### Provided data

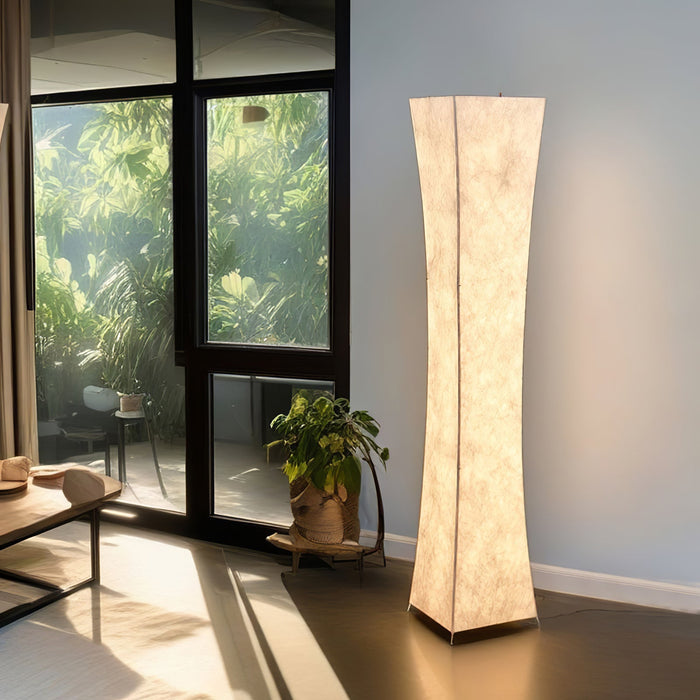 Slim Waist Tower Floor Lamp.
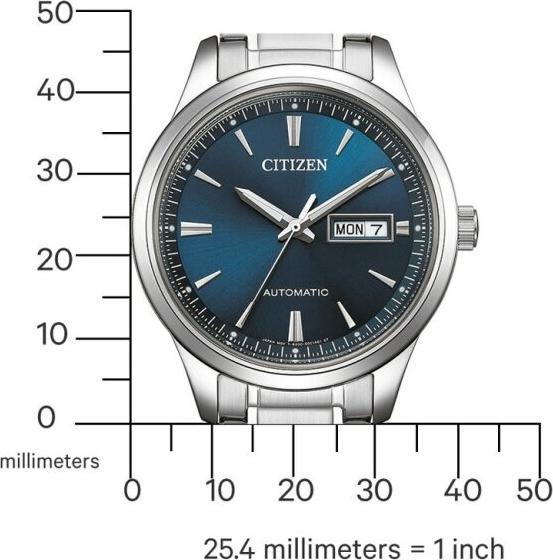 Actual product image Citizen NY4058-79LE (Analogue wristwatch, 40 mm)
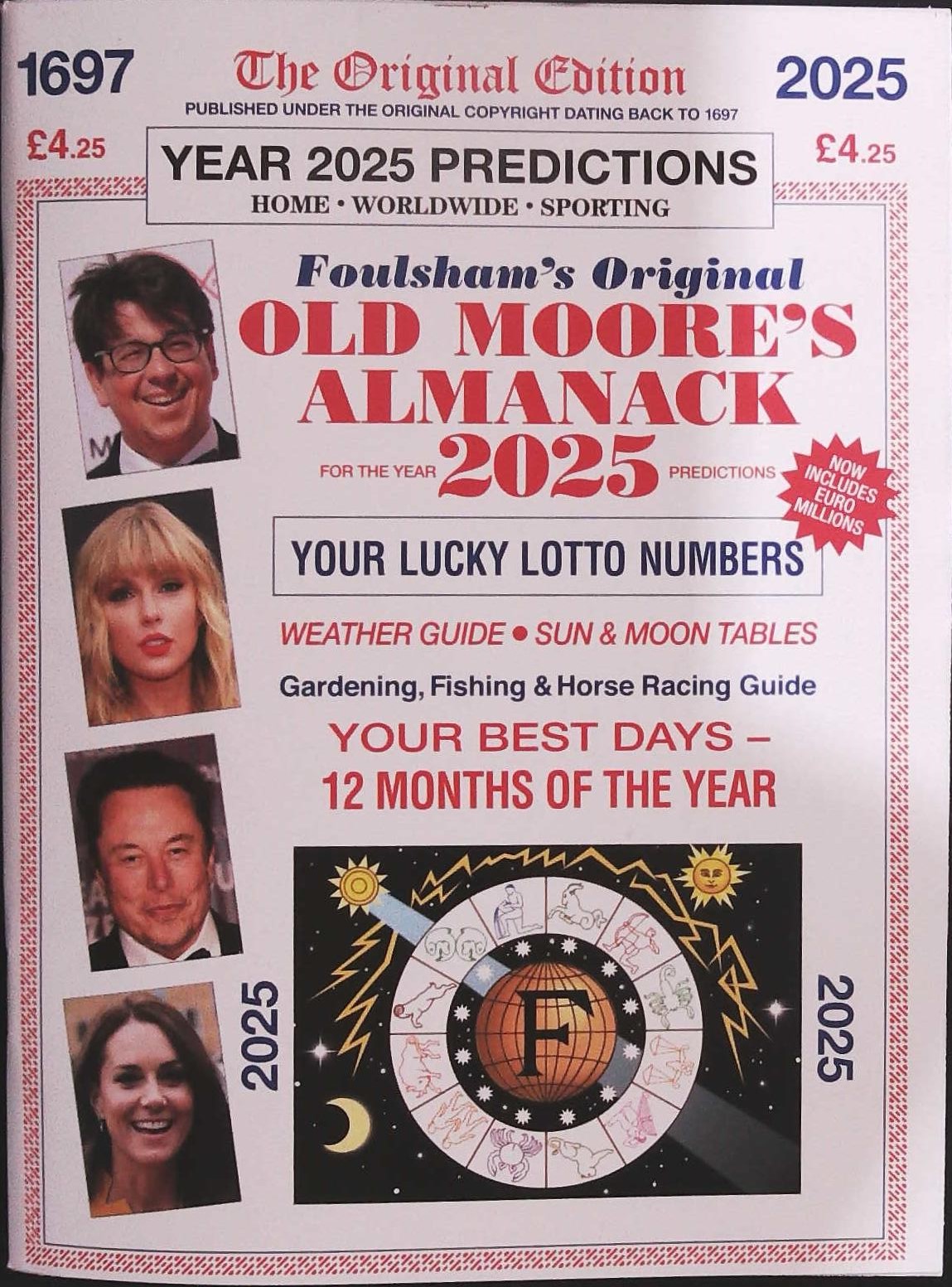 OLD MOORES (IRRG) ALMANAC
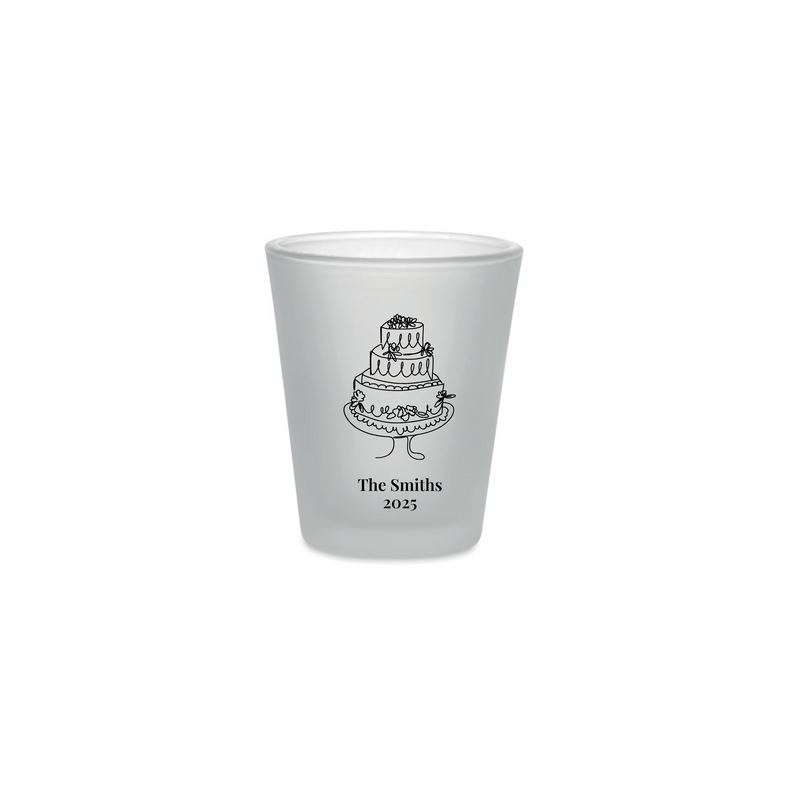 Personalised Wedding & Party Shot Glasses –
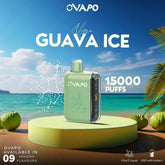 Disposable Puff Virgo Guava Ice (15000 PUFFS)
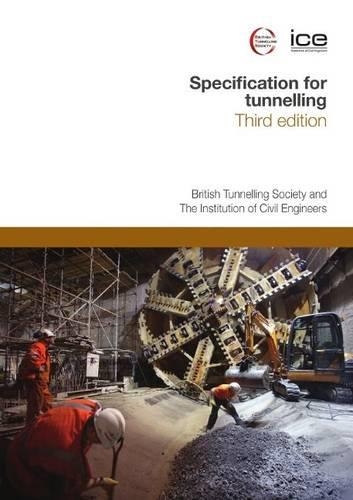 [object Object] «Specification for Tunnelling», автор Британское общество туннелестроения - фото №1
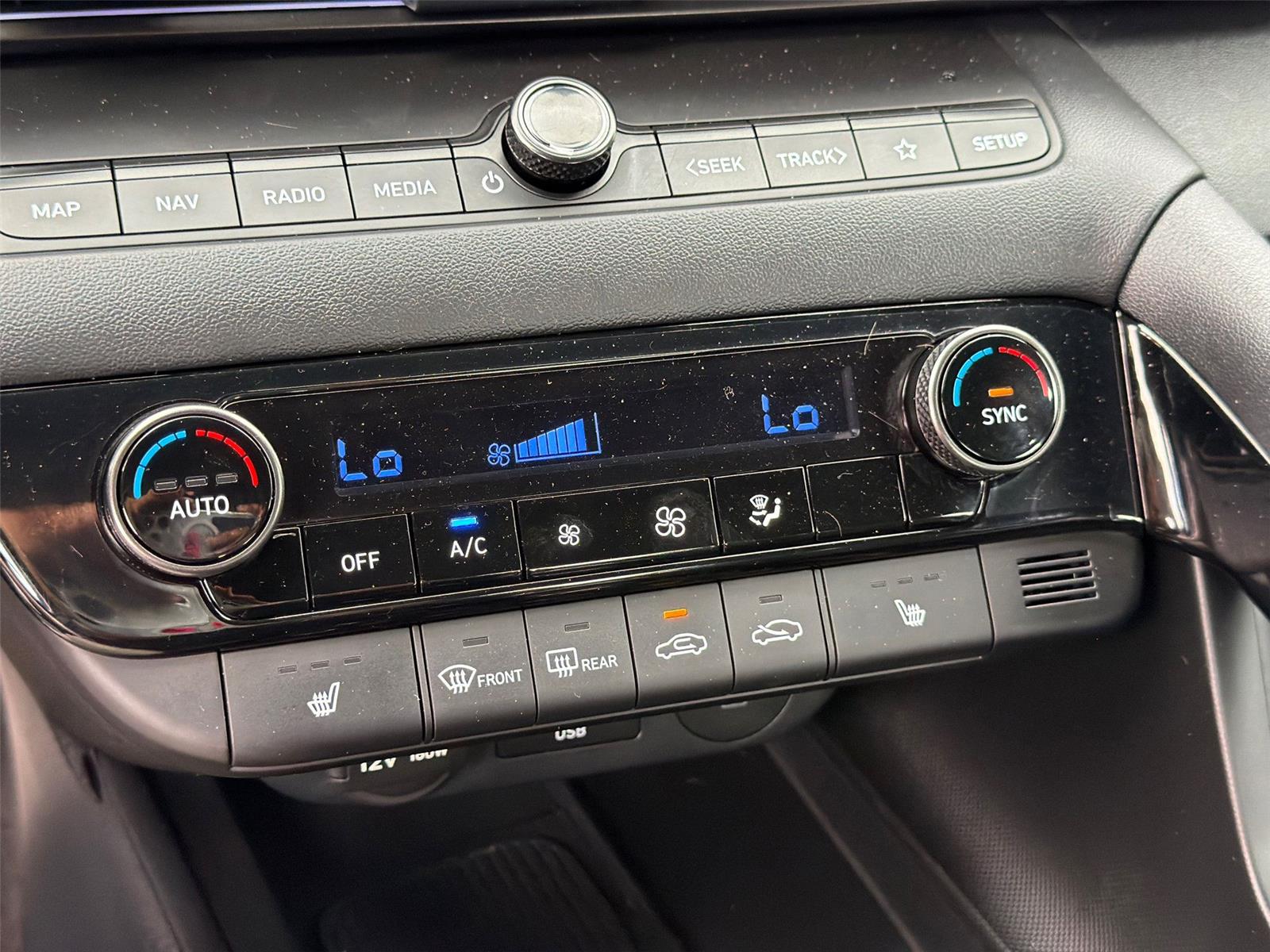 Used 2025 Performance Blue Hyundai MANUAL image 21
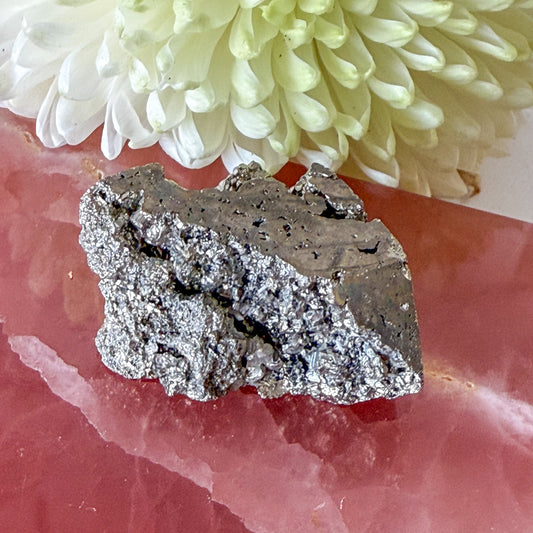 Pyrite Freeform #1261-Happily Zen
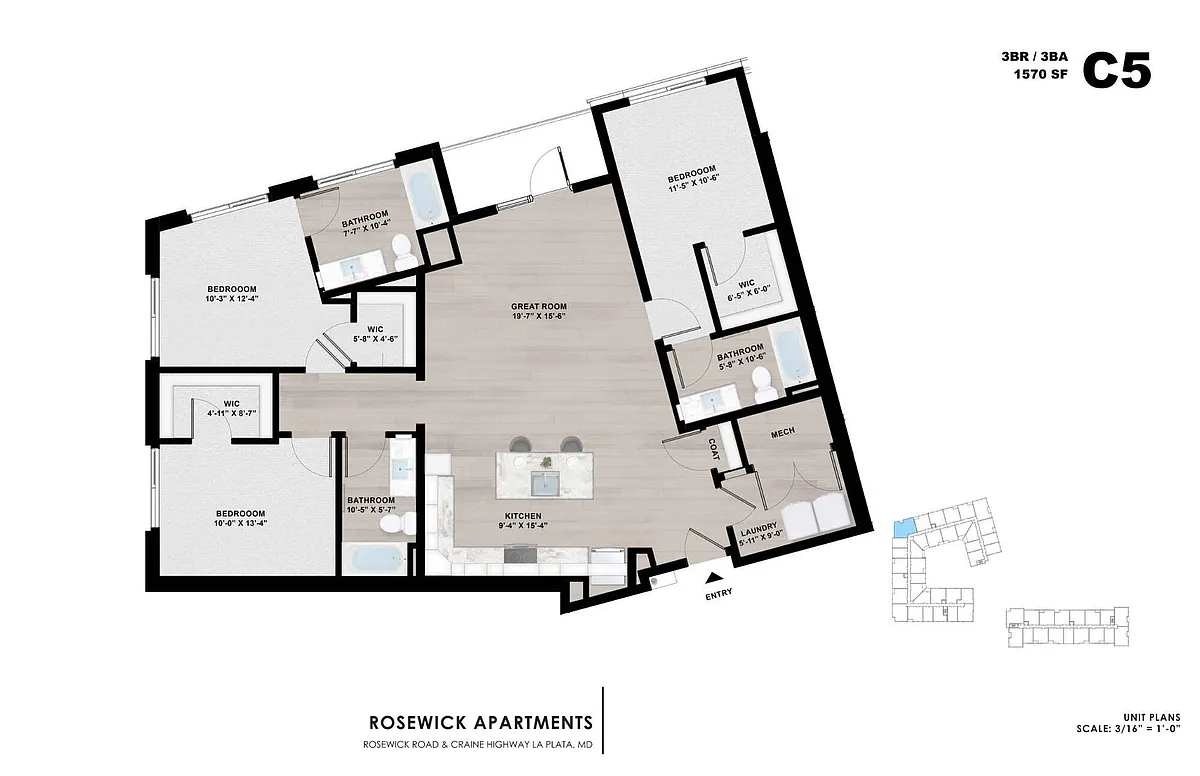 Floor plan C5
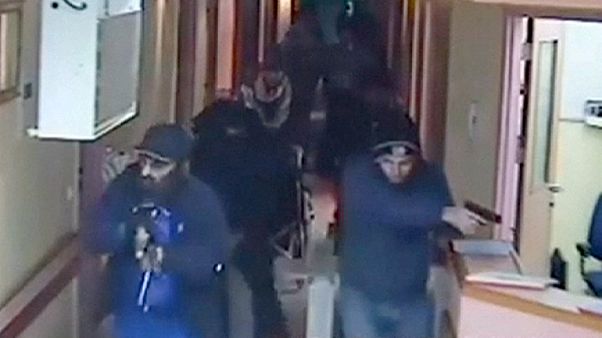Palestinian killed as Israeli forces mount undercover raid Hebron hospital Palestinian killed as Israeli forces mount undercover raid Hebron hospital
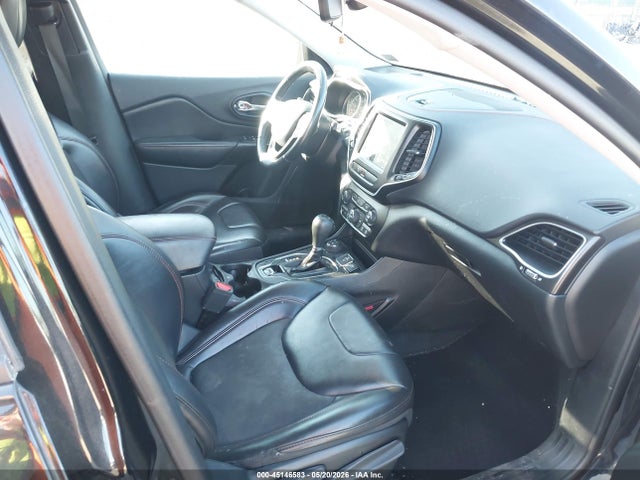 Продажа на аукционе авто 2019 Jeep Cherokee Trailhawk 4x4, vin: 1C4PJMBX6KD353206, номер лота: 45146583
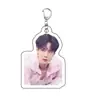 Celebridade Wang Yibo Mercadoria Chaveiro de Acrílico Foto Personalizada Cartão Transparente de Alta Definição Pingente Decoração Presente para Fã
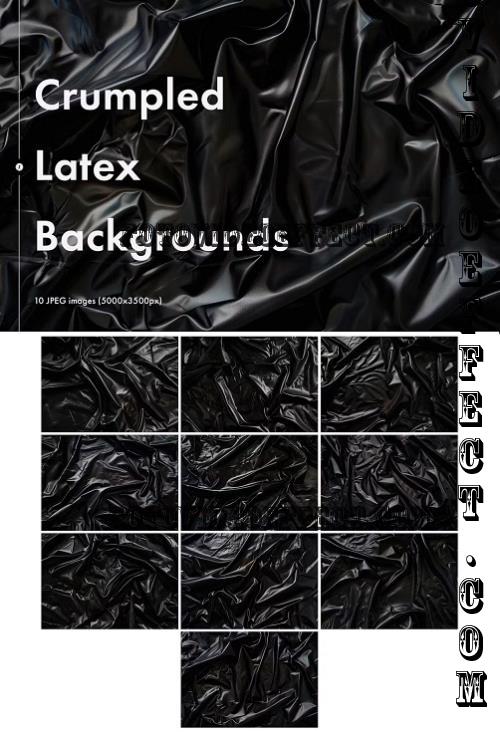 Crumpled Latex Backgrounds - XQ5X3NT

### Task statement
Please transcribe the listing above verbatim and exclude every picture.

### Task solution
 Slim Waist Tower Floor Lamp.
 Actual product image Citizen NY4058-79LE (Analogue wristwatch, 40 mm)
 OLD MOORES (IRRG) ALMANAC
 Personalised Wedding & Party Shot Glasses –
 Disposable Puff Virgo Guava Ice (15000 PUFFS)
 [object Object] «Specification for Tunnelling», автор Британское общество туннелестроения - фото №1
 Used 2025 Performance Blue Hyundai MANUAL image 21
 Pyrite Freeform #1261-Happily Zen
 Floor plan C5
Palestinian killed as Israeli forces mount undercover raid Hebron hospital Palestinian killed as Israeli forces mount undercover raid Hebron hospital
 Продажа на аукционе авто 2019 Jeep Cherokee Trailhawk 4x4, vin: 1C4PJMBX6KD353206, номер лота: 45146583
 Celebridade Wang Yibo Mercadoria Chaveiro de Acrílico Foto Personalizada Cartão Transparente de Alta Definição Pingente Decoração Presente para Fã
 Crumpled Latex Backgrounds - XQ5X3NT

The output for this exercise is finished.